Diminutive of Isaac, from Hebrew 'Yitzhak' meaning 'he will laugh.'
Ike is the familiar, windswept diminutive of Isaac, a name rooted in the Hebrew Yitzchak — meaning 'he laughs' or 'laughter.' The biblical Isaac, son of Abraham and Sarah, was named for the incredulous laughter his aged parents let slip when angels foretold his birth. That origin gives Ike an unexpected lightness: a name born from joy, surprise, and a touch of holy disbelief.
In American cultural memory, Ike is inseparable from Dwight D. Eisenhower, the Supreme Allied Commander in World War II who rode the campaign slogan 'I Like Ike' into the presidency in 1952. The name became a shorthand for plainspoken Midwestern reliability — capable, unshowy, trustworthy.
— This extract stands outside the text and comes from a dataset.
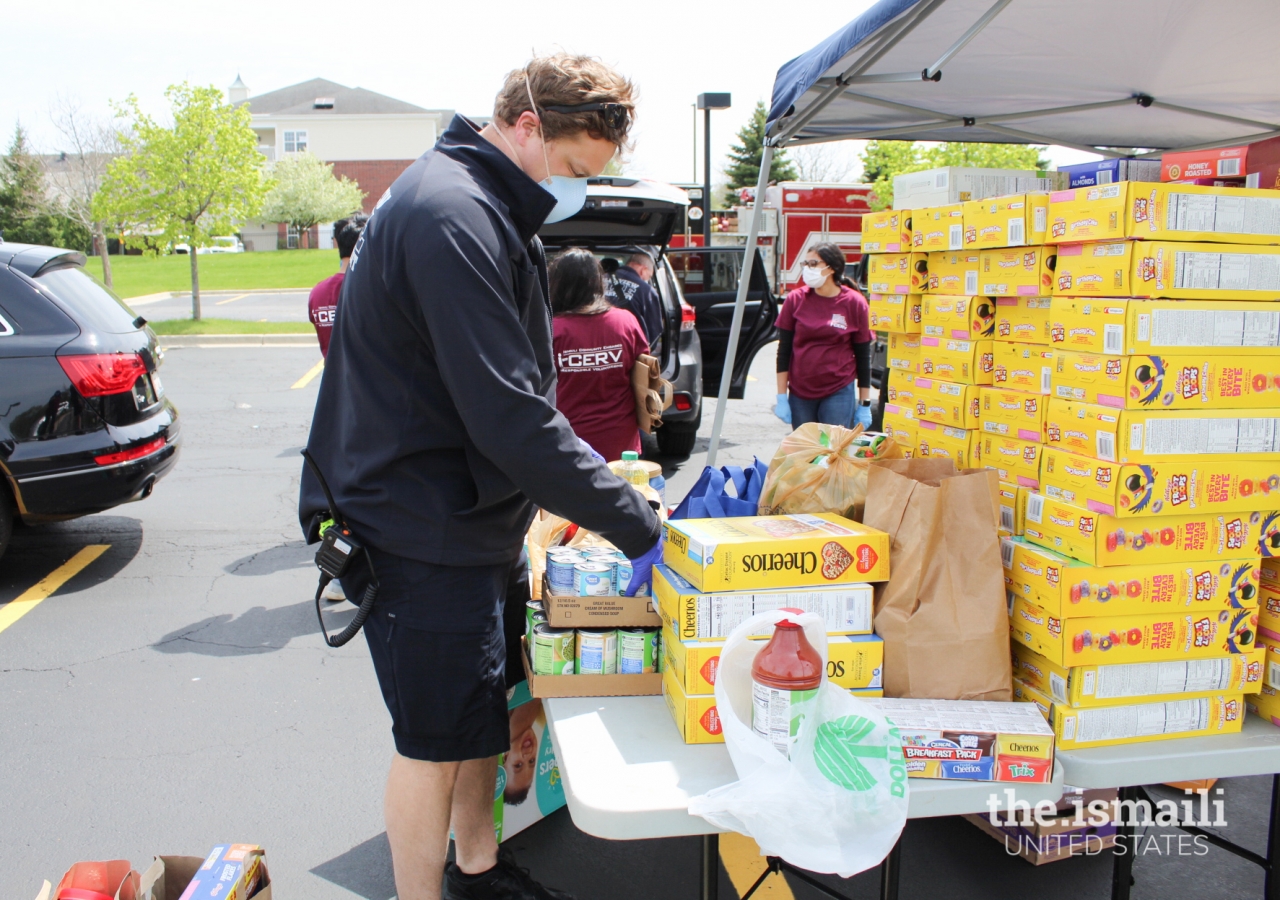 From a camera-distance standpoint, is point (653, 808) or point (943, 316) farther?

Before Eisenhower, Ike Turner brought the name into rock and blues history, though his legacy is a complicated one. The name also belongs to Ike Davis, the baseball player, and dozens of unsung Americans who wore the nickname as a badge of straightforward character. Ike has a timeless informality that neither ages nor dates.
It was never fashionable in the precious sense — it simply persisted, generation after generation, as the kind of name a grandfather and a toddler can share without irony. In an era when parents are rediscovering short, punchy, vowel-forward names, Ike has the added virtue of meaning something: laughter, after all, is not a bad inheritance.